[DATA FOR THIS EXERCISE Boundary: Start]
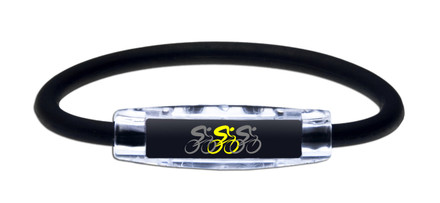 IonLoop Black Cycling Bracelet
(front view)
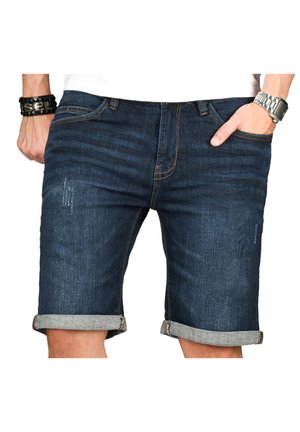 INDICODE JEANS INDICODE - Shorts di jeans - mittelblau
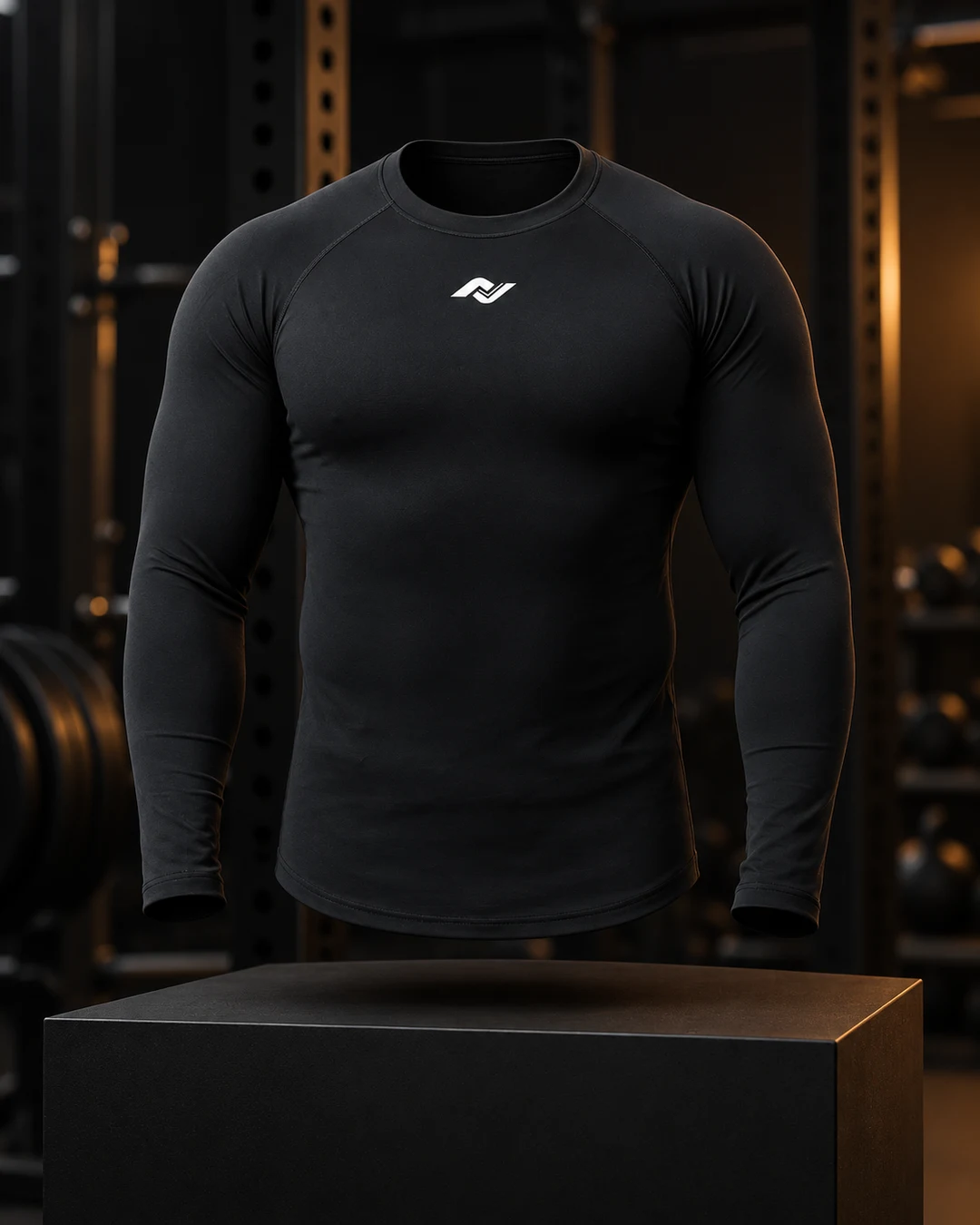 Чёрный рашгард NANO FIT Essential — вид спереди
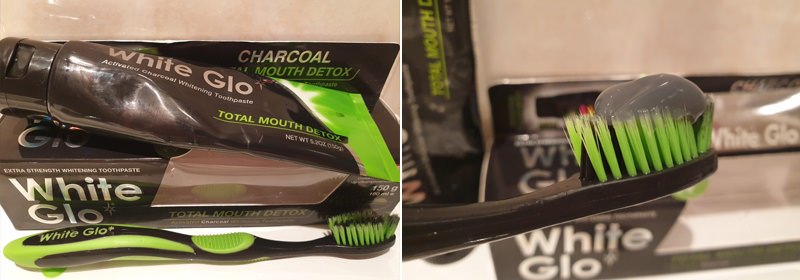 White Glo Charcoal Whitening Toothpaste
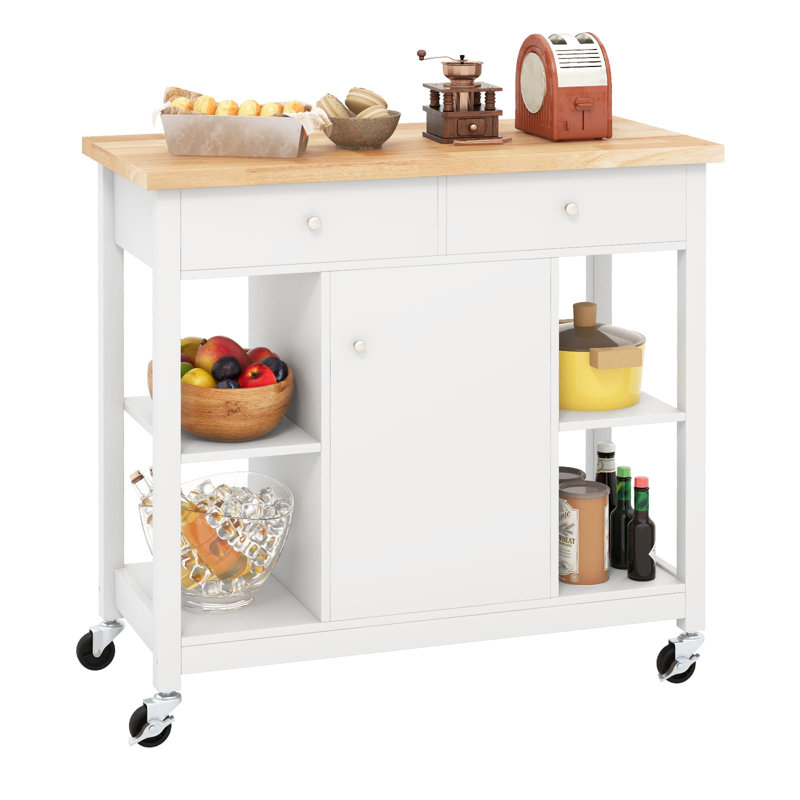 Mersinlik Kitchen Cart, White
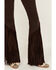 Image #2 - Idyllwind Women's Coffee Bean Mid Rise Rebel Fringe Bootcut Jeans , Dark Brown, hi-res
[DATA FOR THIS EXERCISE Boundary: End]
[DATA FOR THIS EXERCISE Boundary: Start]
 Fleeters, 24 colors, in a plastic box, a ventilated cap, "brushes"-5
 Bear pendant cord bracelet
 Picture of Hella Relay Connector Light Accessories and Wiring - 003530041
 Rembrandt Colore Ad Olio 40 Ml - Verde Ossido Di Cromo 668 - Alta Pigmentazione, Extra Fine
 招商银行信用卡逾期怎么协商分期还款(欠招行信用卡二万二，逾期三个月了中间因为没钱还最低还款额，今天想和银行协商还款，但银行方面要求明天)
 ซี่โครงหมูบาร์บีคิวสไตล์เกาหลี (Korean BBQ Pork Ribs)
[DATA FOR THIS EXERCISE Boundary: End]
[DATA FOR THIS EXERCISE Boundary: Start]
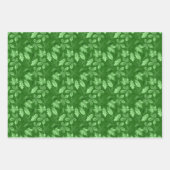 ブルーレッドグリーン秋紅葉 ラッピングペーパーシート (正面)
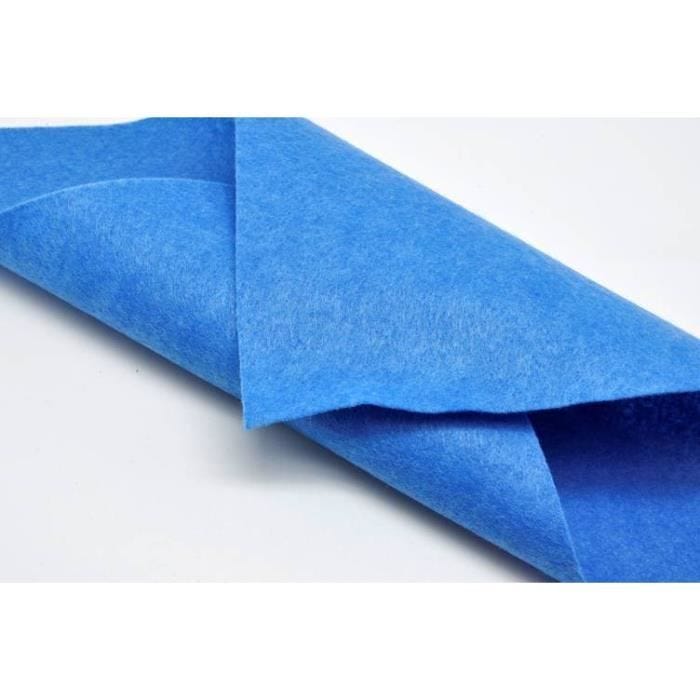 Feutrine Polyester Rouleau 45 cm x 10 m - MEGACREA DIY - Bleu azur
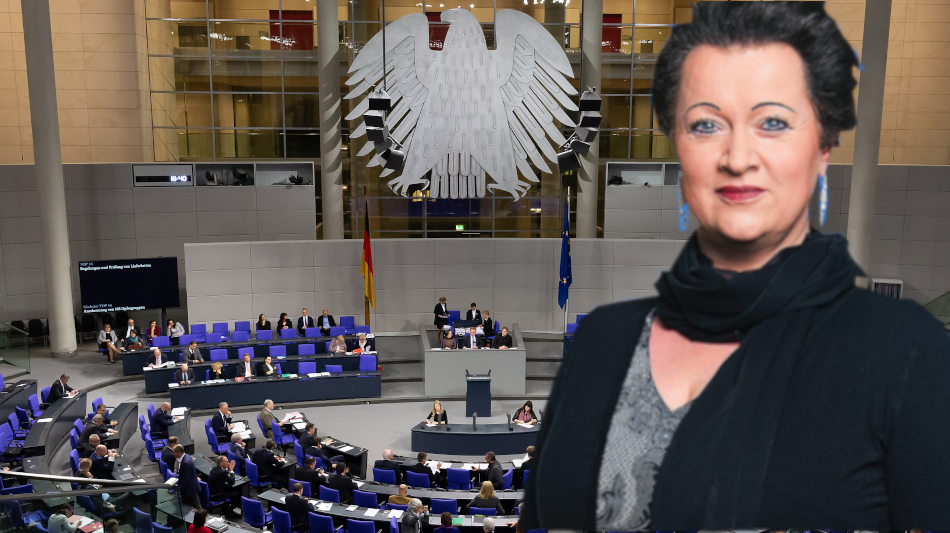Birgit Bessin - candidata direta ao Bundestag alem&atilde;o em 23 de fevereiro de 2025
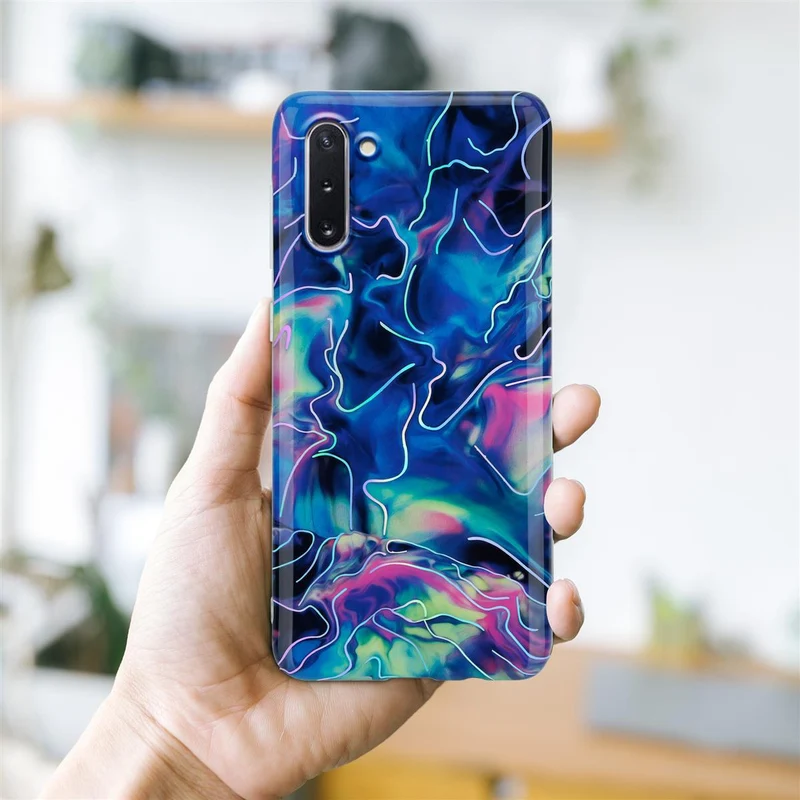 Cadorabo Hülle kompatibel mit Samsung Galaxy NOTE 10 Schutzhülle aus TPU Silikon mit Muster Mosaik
[DATA FOR THIS EXERCISE Boundary: End]
The line holding "IonLoop Black Cycling Bracelet" starts the copy and the line holding "Image #2 - Idyllwind" ends it. Repeat those two lines above and all between them exactly, leaving out pictures.

 IonLoop Black Cycling Bracelet
(front view)
 INDICODE JEANS INDICODE - Shorts di jeans - mittelblau
 Чёрный рашгард NANO FIT Essential — вид спереди
 White Glo Charcoal Whitening Toothpaste
 Mersinlik Kitchen Cart, White
 Image #2 - Idyllwind Women's Coffee Bean Mid Rise Rebel Fringe Bootcut Jeans , Dark Brown, hi-res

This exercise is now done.